This report set out a good deal of history concerning the appellant. It concluded that he suffered from depression and had some symptoms of post-traumatic stress disorder (PTSD). There was no diagnosis of PTSD. The report noted symptoms that gave rise to a suspicion of epilepsy, and additionally noted that he had self-harmed; and it expressed concerns about a future risk of suicide.

5.

In May 2005 there was what is called a “care coordination assessment” which confirmed the diagnosis of depression and also indicated that he had in the past had some suicidal ideation, albeit of a very minor nature.

6.

A medical report, dated 20 February 2006, was in due course sent to the Secretary of State. That report was prepared by Dr Bruce Owen, a consultant psychiatrist in whose care the appellant had been. The report diagnosed him as suffering from a recurrent depressive disorder. Additionally, Dr Owen identified symptoms of PTSD but once again did not diagnose it as a condition.

7.

The prognosis which is found in that report noted that the appellant had responded only minimally to medication. He was on medication at that time of Fluoxetine and Olanzapine. That medication has been adjusted since 2006. The lack of response, said Dr Owen, was in part the result of the resistant nature of his illness, but additionally the result of “ongoing stresses which he is under which are inhibiting any recovery”.

8.

The stresses that Dr Owen went on to identify centred upon the uncertainty surrounding the appellant’s future and the inevitable threat of removal, given that his appeal had failed. Dr Owen was concerned that relapses might occur in the event of future stress. He indicated that the effect of stopping treatment would be adverse. He considered the impact of removal to Afghanistan and concluded that such removal would be a highly stressful experience. He then went on to say:

“…one would anticipate that this high level of stress combined with a loss of support and treatment would lead to a high risk of relapse of his depression and symptoms of post-traumatic stress disorder.
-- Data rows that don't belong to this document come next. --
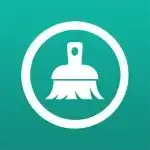 Cleaner for WhatsApp v3.2.7 APK + MOD (Premium Unlocked)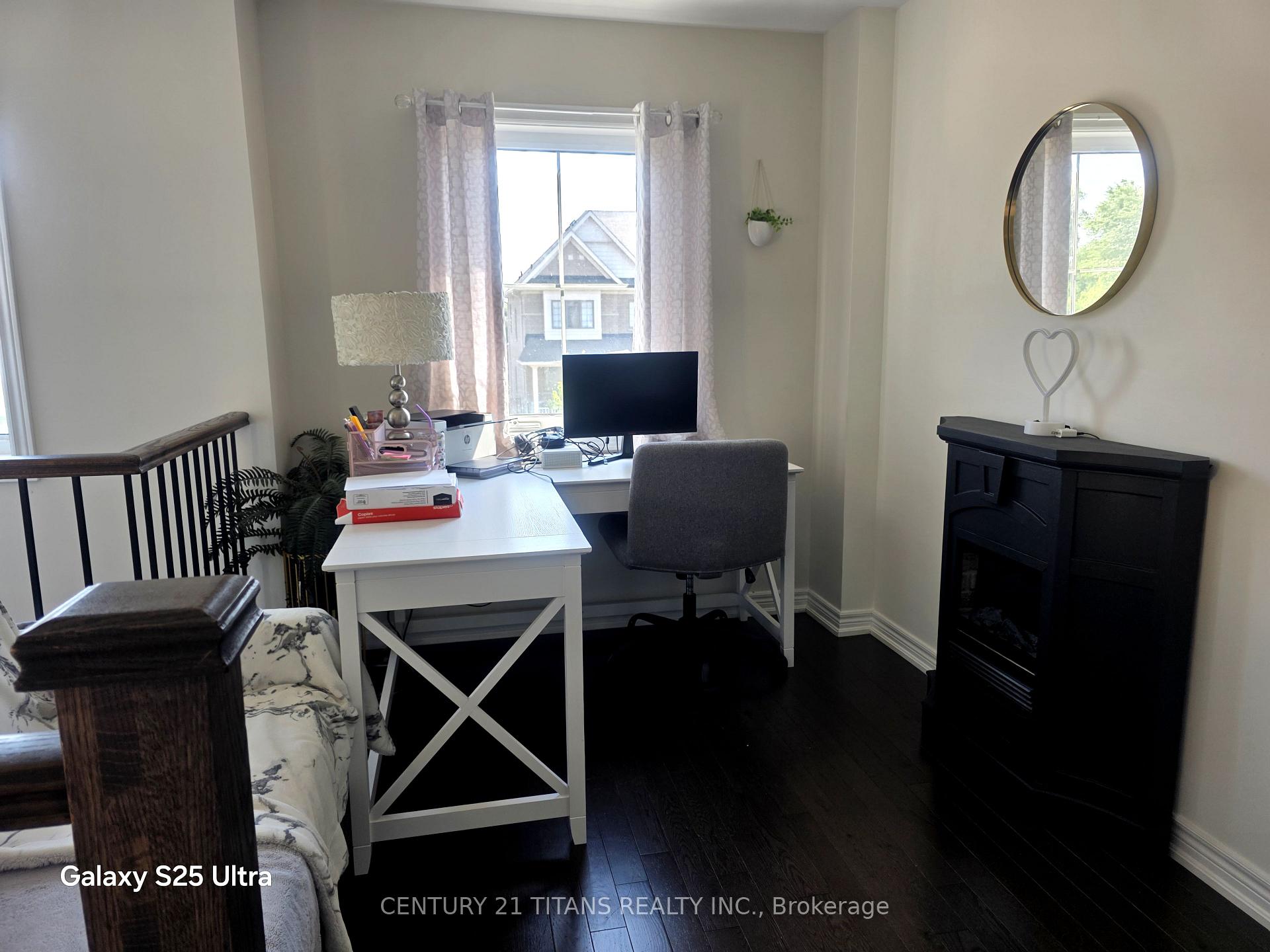 Photo 13 of 6 Tait Crescent, Clarington, Bowmanville — HOMEH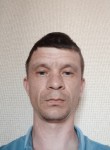 Dmitriy, 37  , Yerevan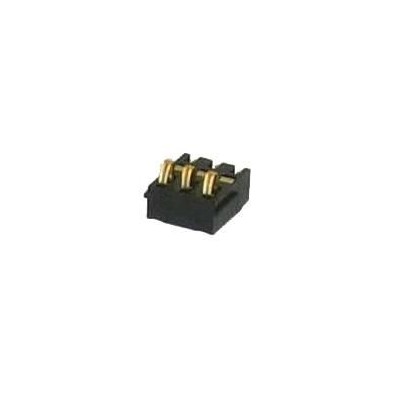 Battery Connector for Rage Bravo Plus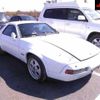 porsche porsche-928 1993 -PORSCHE--Porsche 928 928-MS801185---PORSCHE--Porsche 928 928-MS801185- image 1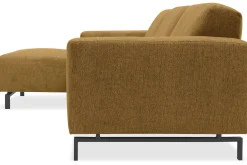 Loungebank Bolt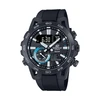 Image de Casio Montre Homme ECB-40PB-1AEF - Casio Edifice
Should his depression deteriorate clearly the risk of self-harm and indeed suicide would escalate, with [the appellant being] at particular risk of suicide in view of his previous self-harm.”

9.

The self-harm referred to appears to have been a number of instances when the appellant had cut himself. The precise number of those occasions is not known, but it was the view of the doctors who have seen and treated him that they were not themselves suicide attempts; rather, they were self-harm for different reasons.

10.

At some time in 2003 (broadly speaking a year after his arrival) the appellant broke off contact with those who were providing him with assistance and ended up living rough and at least for some of the time in a graveyard. During the time when he was outside the support structure provided by mental health professionals his condition significantly deteriorated. He was, however, rescued and was able to resume support from the agencies described below.

11.

The current position is described in Dr Owen’s report. The appellant has himself produced a statement which is dated 30 June 2008. It expresses his fear and concerns about returning to Afghanistan. It details the support that he has at the moment, He lives in Newcastle, and in addition to medical support he has support from a mental health social worker, Fran Humphries, who also has produced a short statement. He mentions two other people who provide him with particular help. In short, he describes a situation where he is now well established in Newcastle with a good deal of medical and social service support which enables him to live what appears to be a relatively normal life.

12.

The Secretary of State considered the material provided to her on three occasions. There was an initial decision letter in June 2006 which has been superseded.

13.

On 21 September 2006 the Secretary of State dealt in detail with the contentions advanced by the appellant. Her consideration dealt not only with the facts, but also with the appropriate legal principles that apply in circumstances such as these. Following the grant of permission to move for judicial review, the Secretary of State reconsidered the case and, in a lengthy letter dated 23 May 2007, she repeated the matters that had been set out in the earlier correspondence but also dealt comprehensively with all points advanced by the appellant in the context of a discussion of legal principles.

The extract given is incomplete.